◆ TRY IT
Every entry below needs to be printed again exactly, with its pictures left out.

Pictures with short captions
++++++++

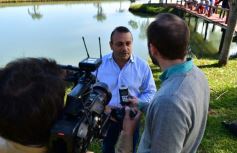 Foto de la galería: Niños del Hogar de Día disfrutaron de una jornada en Pueblo Chico con el vicegobernador Herrera Ahuad
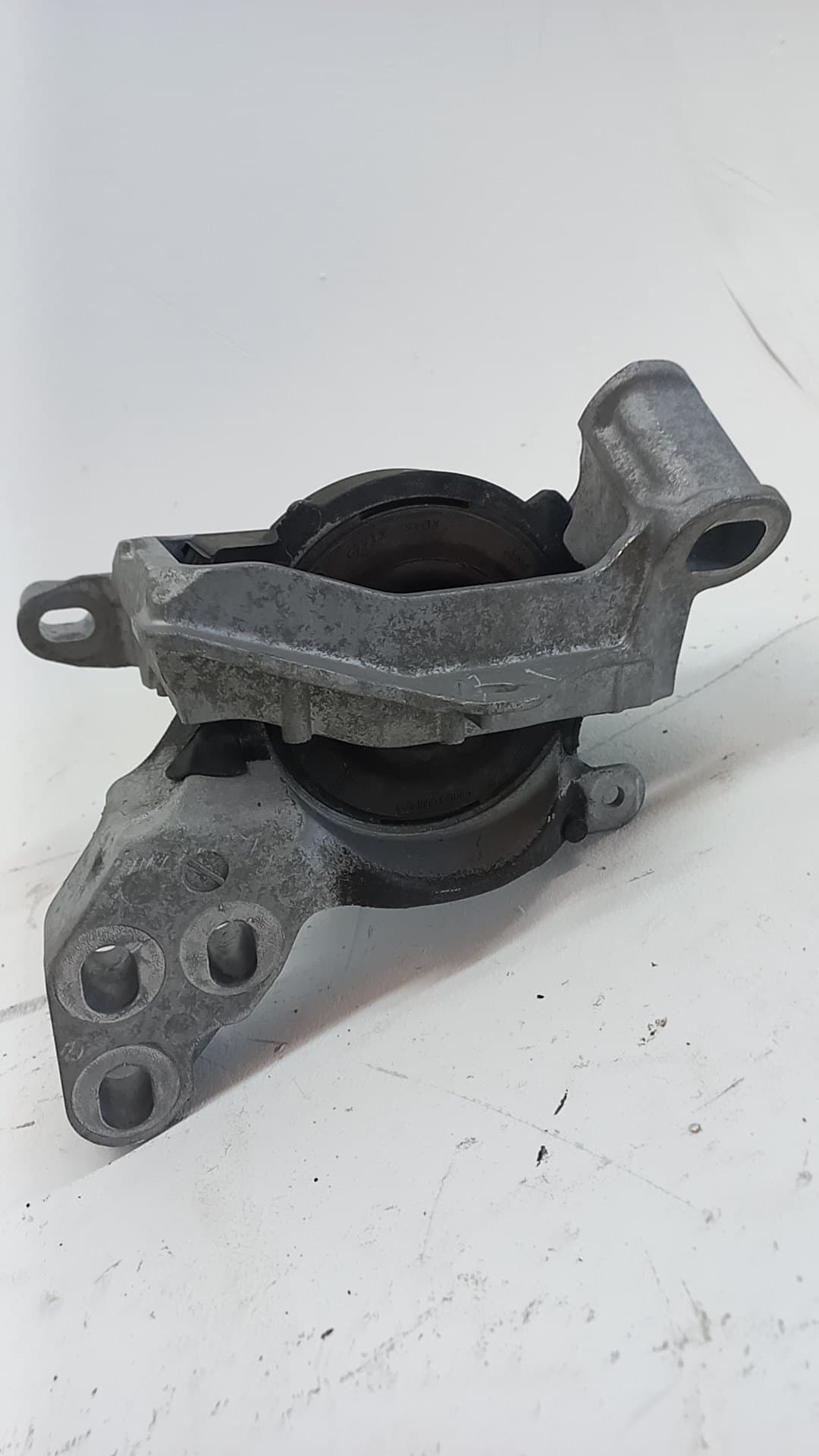 Soporte motor MAZDA 3 3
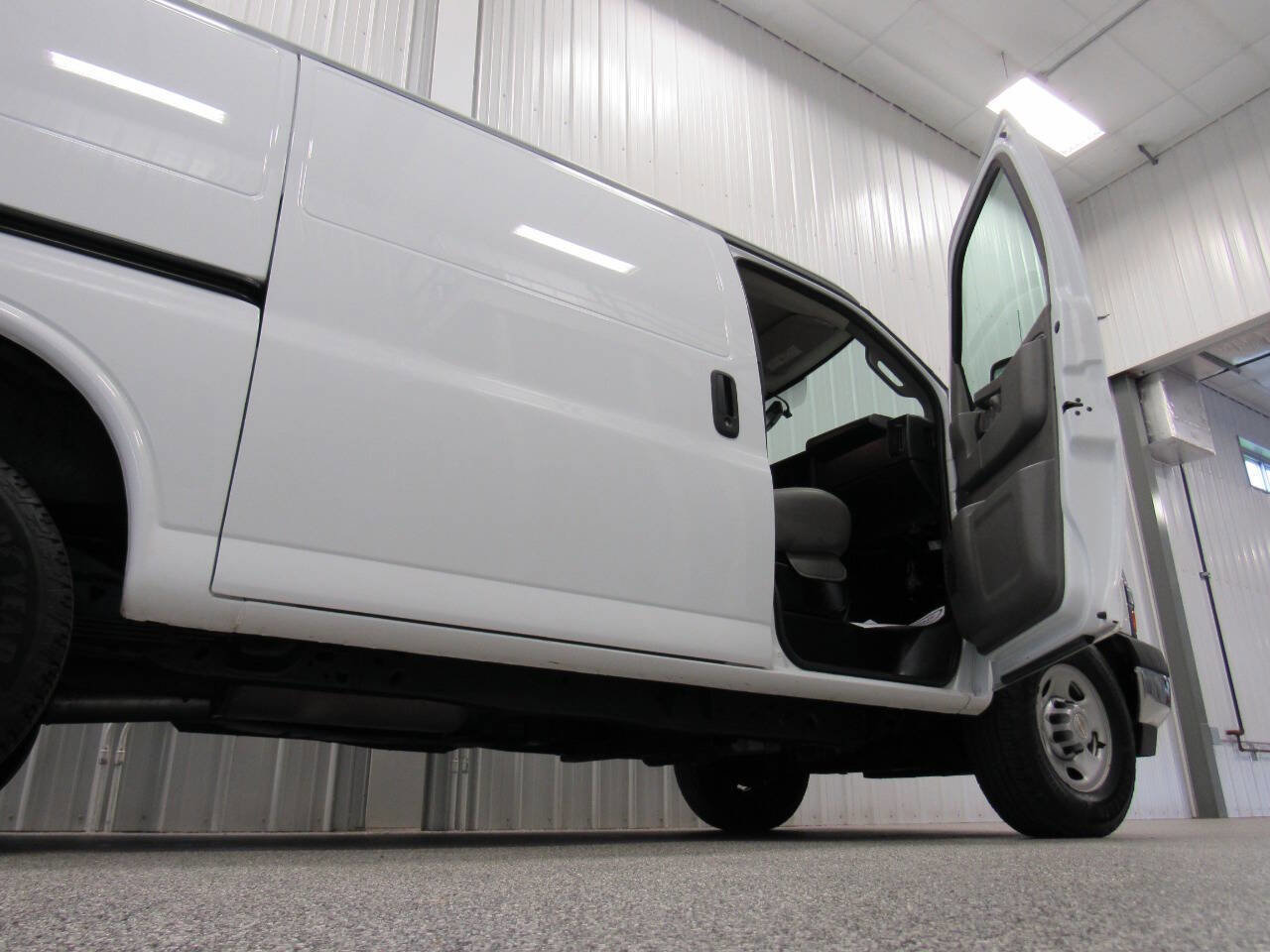 Used 2020 Chevrolet Express 3500 w/ Driver Convenience Package image 25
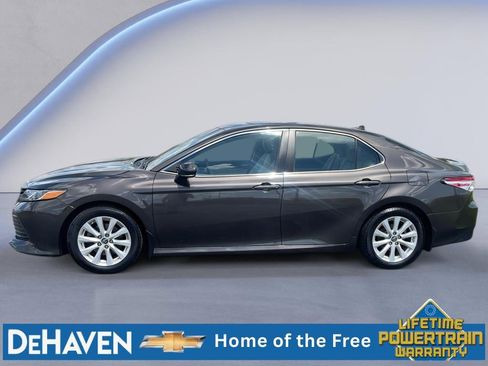 Used 2019 Toyota Camry LE w/ Convenience Package FWD image 3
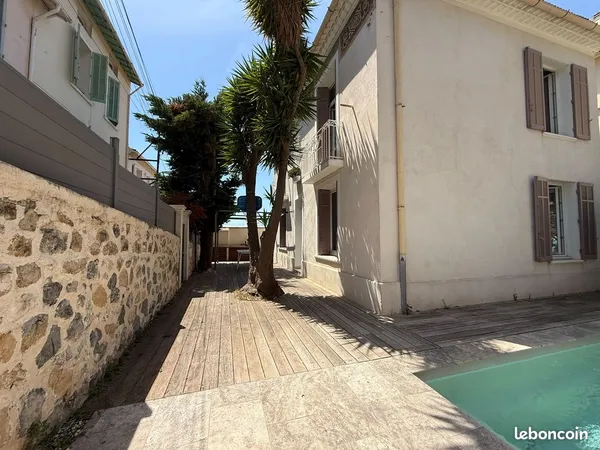 Maison de Ville et charme Toulon bas de Faron,Claret 108m²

++++++++

◆ WRITTEN RESPONSE
 Foto de la galería: Niños del Hogar de Día disfrutaron de una jornada en Pueblo Chico con el vicegobernador Herrera Ahuad
 Soporte motor MAZDA 3 3
 Used 2020 Chevrolet Express 3500 w/ Driver Convenience Package image 25
 Used 2019 Toyota Camry LE w/ Convenience Package FWD image 3
 Maison de Ville et charme Toulon bas de Faron,Claret 108m²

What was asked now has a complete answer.